- Your assignment -
For the material below, return exactly the lines starting at the one holding "A modern kitchen" and ending at the one holding "living room featuring a textured ceiling", counting both as part of the range.
────────────────────
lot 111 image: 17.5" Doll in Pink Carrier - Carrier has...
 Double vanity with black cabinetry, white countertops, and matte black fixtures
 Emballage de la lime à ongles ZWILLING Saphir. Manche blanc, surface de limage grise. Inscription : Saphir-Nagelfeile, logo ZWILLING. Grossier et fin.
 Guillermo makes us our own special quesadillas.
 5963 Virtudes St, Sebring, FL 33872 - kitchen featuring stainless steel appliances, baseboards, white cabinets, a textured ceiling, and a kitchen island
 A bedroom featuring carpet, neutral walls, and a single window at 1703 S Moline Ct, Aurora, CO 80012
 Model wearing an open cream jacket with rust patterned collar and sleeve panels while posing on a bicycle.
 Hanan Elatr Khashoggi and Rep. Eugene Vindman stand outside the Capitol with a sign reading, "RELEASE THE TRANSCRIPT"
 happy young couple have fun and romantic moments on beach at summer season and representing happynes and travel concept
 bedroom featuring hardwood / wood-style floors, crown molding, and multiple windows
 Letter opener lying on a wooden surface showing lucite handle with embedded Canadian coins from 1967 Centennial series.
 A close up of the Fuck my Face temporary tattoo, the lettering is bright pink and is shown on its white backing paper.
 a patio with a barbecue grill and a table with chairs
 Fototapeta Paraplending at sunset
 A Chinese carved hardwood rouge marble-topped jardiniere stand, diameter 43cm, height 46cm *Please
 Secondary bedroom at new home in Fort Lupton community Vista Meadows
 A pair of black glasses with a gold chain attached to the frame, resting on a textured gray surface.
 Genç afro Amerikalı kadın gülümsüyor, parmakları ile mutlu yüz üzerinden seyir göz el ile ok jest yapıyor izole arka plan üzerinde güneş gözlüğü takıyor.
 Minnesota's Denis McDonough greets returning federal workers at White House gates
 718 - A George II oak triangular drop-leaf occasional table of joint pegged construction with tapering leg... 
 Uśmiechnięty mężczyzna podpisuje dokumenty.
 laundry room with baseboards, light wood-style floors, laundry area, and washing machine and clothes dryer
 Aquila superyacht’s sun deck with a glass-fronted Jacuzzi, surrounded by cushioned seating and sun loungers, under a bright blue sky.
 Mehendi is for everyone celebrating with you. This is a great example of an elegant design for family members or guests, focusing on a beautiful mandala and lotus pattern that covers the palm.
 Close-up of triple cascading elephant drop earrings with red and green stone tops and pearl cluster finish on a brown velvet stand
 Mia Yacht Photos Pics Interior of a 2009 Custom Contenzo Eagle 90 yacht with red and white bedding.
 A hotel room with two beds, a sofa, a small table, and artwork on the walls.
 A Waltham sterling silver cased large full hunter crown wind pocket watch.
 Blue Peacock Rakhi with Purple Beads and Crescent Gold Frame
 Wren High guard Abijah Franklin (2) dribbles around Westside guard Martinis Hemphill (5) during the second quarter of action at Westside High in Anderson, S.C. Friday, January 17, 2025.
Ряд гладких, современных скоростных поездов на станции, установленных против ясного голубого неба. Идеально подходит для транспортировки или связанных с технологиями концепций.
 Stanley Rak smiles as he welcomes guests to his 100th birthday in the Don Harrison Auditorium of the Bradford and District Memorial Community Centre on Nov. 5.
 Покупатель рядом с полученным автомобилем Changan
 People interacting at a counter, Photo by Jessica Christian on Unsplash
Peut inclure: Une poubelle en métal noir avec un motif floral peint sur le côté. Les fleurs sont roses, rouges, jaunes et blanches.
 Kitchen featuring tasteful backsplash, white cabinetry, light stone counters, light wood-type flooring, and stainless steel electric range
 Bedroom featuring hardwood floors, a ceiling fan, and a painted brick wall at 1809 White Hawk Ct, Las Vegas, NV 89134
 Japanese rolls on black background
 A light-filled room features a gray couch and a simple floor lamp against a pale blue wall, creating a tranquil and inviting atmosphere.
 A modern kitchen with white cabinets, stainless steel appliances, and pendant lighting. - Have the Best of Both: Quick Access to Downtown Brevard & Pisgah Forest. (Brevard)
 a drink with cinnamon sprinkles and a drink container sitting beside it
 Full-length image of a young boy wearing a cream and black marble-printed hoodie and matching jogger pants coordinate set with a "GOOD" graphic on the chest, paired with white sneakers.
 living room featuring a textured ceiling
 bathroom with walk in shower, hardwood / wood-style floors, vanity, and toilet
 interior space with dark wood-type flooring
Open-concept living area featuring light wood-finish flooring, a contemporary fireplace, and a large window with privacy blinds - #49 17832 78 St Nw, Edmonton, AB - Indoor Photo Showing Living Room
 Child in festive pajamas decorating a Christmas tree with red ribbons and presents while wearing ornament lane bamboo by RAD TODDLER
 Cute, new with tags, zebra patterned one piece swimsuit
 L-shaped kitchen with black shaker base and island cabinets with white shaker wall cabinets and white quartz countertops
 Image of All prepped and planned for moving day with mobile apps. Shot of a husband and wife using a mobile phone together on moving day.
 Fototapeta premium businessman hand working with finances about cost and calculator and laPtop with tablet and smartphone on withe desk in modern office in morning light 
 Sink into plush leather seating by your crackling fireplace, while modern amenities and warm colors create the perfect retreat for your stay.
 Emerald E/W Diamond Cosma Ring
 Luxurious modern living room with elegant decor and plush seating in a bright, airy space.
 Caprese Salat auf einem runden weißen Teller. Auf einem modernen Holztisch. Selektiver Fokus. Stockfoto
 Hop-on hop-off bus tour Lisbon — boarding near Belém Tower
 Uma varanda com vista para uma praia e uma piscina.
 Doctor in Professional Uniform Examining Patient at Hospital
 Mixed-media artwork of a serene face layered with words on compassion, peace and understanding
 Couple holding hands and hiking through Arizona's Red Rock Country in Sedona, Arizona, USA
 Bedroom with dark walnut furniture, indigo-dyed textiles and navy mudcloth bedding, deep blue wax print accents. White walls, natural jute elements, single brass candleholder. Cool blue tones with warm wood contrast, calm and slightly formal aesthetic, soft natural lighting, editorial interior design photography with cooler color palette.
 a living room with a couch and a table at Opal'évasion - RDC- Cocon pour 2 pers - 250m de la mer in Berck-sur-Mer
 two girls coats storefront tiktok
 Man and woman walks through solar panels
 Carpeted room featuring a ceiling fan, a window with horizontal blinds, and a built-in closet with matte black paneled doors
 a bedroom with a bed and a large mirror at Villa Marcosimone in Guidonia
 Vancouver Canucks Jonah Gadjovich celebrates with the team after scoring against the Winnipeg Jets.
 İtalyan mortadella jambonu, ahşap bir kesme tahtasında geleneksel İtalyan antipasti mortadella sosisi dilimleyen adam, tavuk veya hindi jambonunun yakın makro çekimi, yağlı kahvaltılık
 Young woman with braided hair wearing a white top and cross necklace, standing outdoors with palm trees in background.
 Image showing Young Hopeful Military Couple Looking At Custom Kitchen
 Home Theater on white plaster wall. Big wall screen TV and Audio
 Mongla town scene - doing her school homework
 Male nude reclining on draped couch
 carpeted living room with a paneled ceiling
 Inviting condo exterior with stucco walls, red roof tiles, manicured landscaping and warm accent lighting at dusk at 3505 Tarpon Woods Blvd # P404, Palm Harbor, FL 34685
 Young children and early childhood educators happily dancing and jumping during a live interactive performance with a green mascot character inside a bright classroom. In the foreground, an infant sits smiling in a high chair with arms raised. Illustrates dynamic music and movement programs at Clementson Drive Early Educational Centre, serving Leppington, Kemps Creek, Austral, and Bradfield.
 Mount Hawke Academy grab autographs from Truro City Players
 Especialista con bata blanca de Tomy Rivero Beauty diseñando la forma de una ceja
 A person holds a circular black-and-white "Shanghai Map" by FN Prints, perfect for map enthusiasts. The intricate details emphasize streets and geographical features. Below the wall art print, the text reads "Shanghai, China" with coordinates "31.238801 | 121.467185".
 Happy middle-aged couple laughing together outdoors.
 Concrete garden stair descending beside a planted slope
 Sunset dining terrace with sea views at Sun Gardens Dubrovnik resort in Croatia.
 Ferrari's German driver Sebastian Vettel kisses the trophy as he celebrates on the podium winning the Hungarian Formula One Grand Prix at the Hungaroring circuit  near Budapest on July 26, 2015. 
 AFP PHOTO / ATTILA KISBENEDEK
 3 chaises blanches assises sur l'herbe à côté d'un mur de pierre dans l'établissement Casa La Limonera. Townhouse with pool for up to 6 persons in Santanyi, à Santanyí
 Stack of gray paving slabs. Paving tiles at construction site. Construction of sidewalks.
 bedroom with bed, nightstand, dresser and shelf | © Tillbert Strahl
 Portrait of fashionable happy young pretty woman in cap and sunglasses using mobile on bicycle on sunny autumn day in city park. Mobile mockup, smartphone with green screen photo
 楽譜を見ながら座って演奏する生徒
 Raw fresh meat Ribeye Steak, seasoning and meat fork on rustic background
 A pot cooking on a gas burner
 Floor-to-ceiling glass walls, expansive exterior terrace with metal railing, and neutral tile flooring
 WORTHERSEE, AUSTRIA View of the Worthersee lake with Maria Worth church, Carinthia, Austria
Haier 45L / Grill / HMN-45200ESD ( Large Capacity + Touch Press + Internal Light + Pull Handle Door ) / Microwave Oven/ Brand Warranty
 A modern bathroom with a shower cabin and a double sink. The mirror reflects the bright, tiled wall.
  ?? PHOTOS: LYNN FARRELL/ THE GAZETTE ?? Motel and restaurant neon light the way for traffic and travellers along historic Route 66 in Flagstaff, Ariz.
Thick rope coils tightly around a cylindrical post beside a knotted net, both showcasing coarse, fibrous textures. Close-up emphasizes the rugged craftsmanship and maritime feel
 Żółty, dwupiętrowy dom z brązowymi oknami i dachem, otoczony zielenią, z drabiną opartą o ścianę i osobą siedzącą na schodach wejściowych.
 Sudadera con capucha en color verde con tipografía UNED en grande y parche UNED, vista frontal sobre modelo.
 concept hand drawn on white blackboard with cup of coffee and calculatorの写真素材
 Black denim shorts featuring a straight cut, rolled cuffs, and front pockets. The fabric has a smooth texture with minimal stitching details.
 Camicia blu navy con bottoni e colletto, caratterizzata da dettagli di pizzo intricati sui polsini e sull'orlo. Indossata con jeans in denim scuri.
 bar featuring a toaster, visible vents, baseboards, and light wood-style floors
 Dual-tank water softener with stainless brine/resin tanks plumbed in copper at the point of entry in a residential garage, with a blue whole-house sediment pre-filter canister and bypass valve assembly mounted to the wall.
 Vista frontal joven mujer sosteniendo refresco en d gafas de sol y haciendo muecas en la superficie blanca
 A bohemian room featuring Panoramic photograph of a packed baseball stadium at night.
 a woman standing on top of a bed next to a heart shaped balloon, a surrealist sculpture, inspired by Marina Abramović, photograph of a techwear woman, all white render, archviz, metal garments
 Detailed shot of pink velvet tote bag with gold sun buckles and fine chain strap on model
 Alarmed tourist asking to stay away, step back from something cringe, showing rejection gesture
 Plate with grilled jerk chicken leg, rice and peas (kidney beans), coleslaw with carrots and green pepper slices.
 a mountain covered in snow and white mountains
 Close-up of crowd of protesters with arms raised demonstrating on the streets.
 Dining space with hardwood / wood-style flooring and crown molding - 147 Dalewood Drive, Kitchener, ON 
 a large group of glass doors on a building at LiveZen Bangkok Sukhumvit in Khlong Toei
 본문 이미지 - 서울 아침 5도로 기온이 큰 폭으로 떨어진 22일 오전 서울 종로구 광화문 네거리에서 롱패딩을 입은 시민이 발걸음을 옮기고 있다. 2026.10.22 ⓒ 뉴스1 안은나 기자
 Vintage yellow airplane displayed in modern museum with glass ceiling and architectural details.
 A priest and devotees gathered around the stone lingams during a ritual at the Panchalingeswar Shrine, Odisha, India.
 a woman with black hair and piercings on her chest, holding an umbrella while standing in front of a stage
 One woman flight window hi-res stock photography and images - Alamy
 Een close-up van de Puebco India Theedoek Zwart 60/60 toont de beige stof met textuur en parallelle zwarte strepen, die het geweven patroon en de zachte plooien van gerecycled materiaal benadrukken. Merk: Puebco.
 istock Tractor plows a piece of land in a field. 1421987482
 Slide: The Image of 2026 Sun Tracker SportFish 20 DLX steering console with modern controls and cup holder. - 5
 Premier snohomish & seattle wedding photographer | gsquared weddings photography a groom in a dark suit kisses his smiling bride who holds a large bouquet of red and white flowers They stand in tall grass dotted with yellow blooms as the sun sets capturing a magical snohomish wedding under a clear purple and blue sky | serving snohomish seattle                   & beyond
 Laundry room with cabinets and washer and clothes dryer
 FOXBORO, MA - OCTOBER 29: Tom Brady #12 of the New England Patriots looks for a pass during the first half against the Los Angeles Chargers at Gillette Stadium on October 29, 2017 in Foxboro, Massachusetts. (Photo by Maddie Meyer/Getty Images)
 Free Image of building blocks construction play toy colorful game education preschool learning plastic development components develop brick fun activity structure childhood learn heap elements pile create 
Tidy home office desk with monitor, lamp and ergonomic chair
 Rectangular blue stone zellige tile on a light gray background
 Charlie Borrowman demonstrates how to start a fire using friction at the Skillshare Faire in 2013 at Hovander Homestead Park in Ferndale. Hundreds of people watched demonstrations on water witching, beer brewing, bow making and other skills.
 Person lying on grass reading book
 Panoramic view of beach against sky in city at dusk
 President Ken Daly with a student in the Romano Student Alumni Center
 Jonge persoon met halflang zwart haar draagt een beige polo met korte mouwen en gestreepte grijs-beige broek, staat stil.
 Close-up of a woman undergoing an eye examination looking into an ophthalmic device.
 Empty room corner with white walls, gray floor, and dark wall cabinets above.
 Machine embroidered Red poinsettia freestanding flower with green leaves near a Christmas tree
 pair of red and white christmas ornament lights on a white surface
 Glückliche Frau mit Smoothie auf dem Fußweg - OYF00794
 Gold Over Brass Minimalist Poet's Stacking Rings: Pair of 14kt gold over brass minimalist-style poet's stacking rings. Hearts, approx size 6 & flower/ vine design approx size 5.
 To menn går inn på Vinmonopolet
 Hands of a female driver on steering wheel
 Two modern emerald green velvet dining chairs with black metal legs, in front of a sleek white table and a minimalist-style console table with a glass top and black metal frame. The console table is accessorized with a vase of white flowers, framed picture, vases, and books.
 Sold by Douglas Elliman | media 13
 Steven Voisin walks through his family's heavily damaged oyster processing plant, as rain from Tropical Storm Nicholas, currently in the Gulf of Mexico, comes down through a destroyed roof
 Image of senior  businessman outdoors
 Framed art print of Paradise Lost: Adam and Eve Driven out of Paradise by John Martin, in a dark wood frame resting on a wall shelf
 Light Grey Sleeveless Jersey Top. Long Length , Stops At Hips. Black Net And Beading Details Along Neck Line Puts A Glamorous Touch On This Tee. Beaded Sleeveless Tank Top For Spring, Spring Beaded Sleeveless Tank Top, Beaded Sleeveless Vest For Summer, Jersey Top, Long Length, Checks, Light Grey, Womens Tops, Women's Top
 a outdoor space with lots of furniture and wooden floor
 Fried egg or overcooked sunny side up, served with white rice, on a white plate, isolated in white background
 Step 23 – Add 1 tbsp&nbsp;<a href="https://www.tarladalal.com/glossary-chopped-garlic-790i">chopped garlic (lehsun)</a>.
────────────────────
- Your solution -
 A modern kitchen with white cabinets, stainless steel appliances, and pendant lighting. - Have the Best of Both: Quick Access to Downtown Brevard & Pisgah Forest. (Brevard)
 a drink with cinnamon sprinkles and a drink container sitting beside it
 Full-length image of a young boy wearing a cream and black marble-printed hoodie and matching jogger pants coordinate set with a "GOOD" graphic on the chest, paired with white sneakers.
 living room featuring a textured ceiling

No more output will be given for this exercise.